Having difficulty understanding what the Range of a linear transformation is.

[phantomcow2]

One of the topics in my linear algebra course is kernel and range of a linear transformation. I have a firm understanding of what the kernel is: the set of vectors such that it maps all inputs to the zero vector. Range, however, remains nebulous to me. My textbook says that the range is "THe set of all vectors in W that are images under T of at least one vector in V."

I'm not sure what it means to be "an image under T." Could somebody explain this to me? I'd just like to have this concept clarified. Thanks.

 

[Newtime]

One of the topics in my linear algebra course is kernel and range of a linear transformation. I have a firm understanding of what the kernel is: the set of vectors such that it maps all inputs to the zero vector. Range, however, remains nebulous to me. My textbook says that the range is "THe set of all vectors in W that are images under T of at least one vector in V."

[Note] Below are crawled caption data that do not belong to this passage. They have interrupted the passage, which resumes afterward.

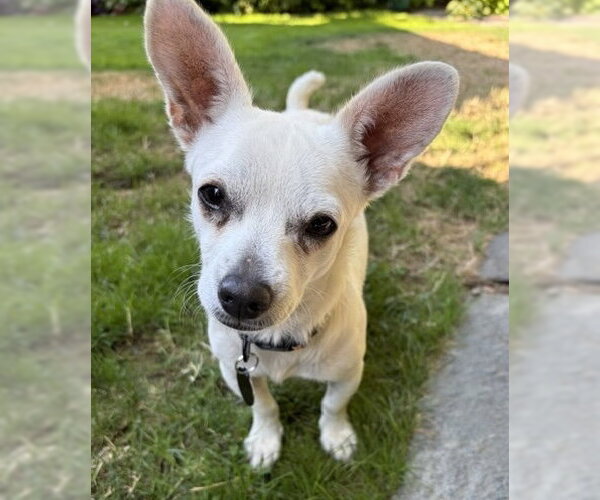 Medium Photo #1 Chihuahua-Unknown Mix Puppy For Sale in Bellevue, WA, USA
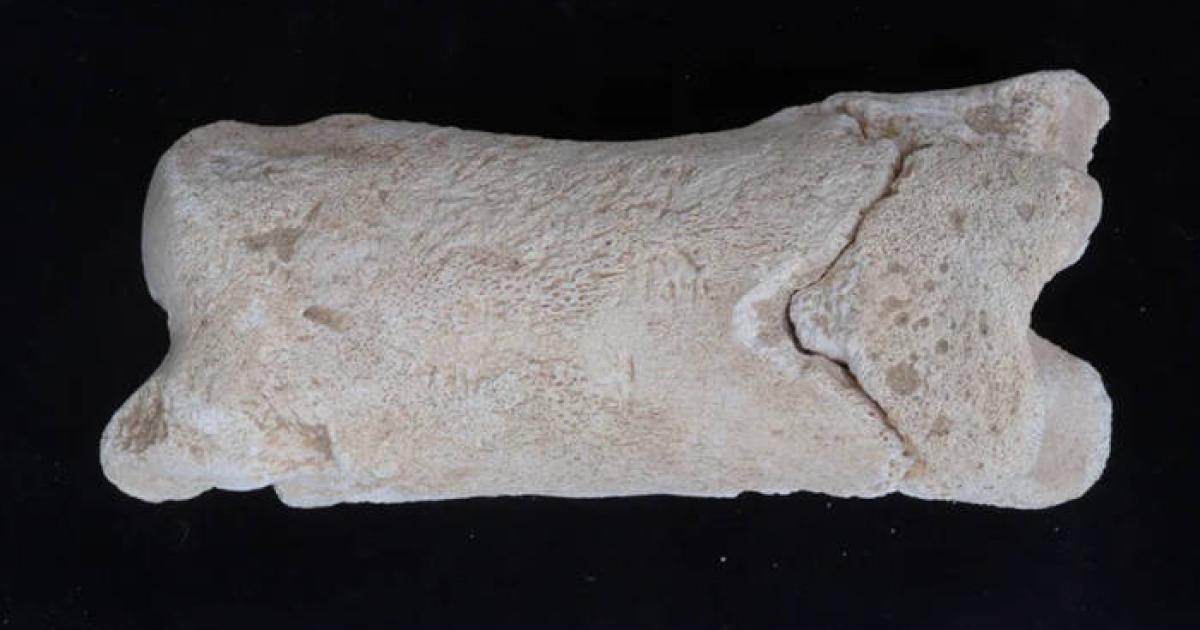 Ancient bone whistle found in Tell el-Amarna, Egypt. 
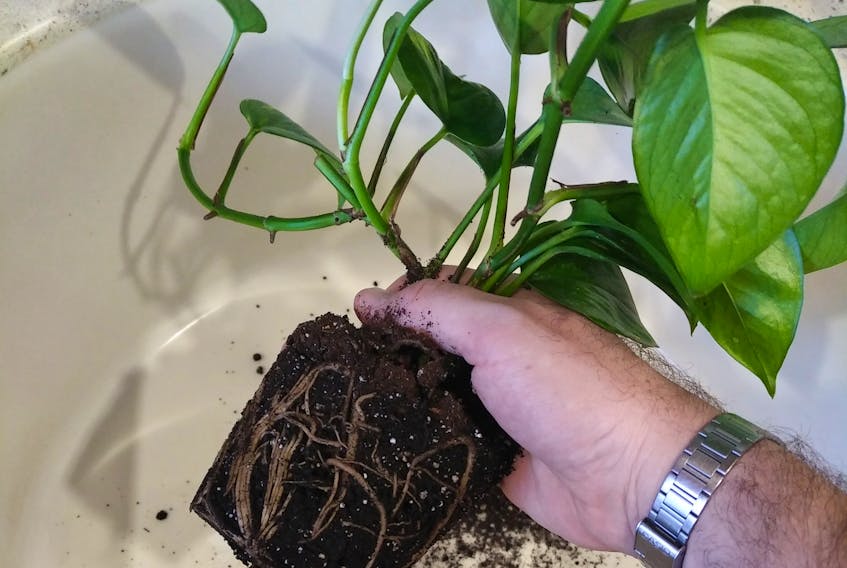 "There is nothing like getting some real dirt under your fingernails," says Mark Cullen about indoor gardening in the winter time.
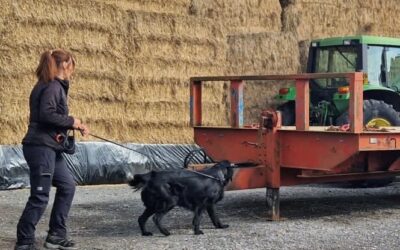 Scent Work & Low Humidity – How This Effects A Dog’s Search Behaviours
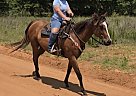 Thoroughbred - Horse for Sale in Wedgefield, SC 29168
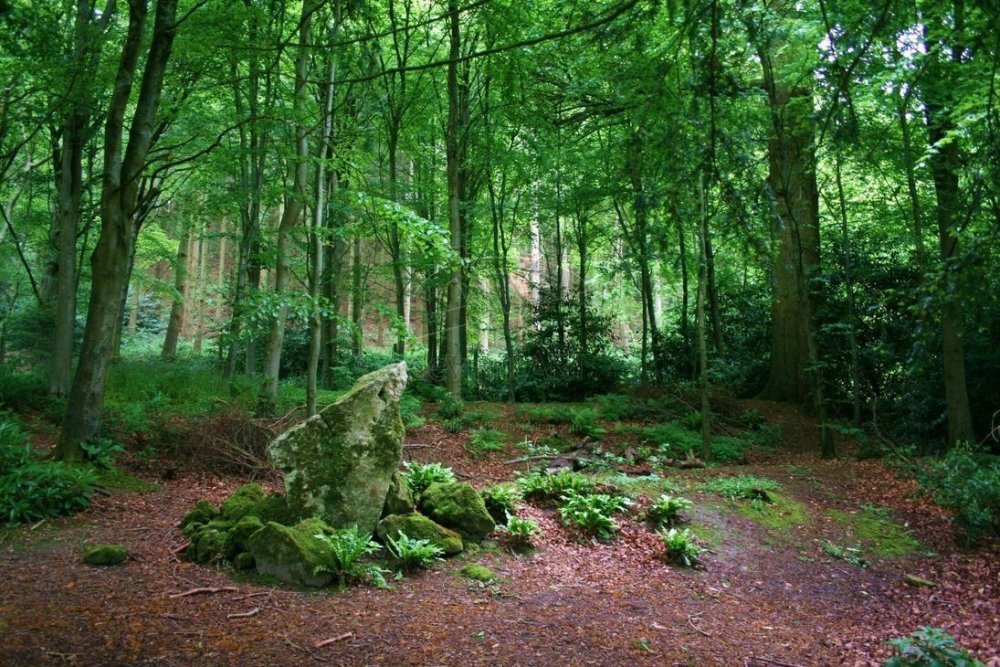 Шервудский лес Англия осень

I'm not sure what it means to be "an image under T." Could somebody explain this to me? I'd just like to have this concept clarified. Thanks.

See the attachment.

 

[phantomcow2]

Wow, that is a wordy explanation and exactly what I needed. Thanks :).

 

[radou]

The range and image are the same thing. But the codomain isn't. If a mapping is surjective, then they're all the same set, but in general, not.

 

[blue_raver22]

The range of a linear transformation refers to the set of all output vectors that can be obtained by applying the transformation to at least one input vector. In other words, it is the set of all possible values that the transformation can produce.

To better understand this concept, let's consider an example. Imagine we have a linear transformation that takes a 2D vector and rotates it by 90 degrees counterclockwise. The range of this transformation would be all possible 2D vectors that can be obtained by rotating any input vector by 90 degrees counterclockwise. So, the range would include vectors such as (1,0), (0,1), (-1,0), (0,-1) and all their combinations.

The term "image under T" refers to the output vector that is obtained after applying the transformation T to a specific input vector. In our example, the image under T of the vector (1,0) would be (-1,0) since that is the result of rotating (1,0) by 90 degrees counterclockwise.

I hope this explanation clarifies the concept of range for you. It is an important concept in linear algebra as it helps us understand the full scope of a linear transformation and its capabilities.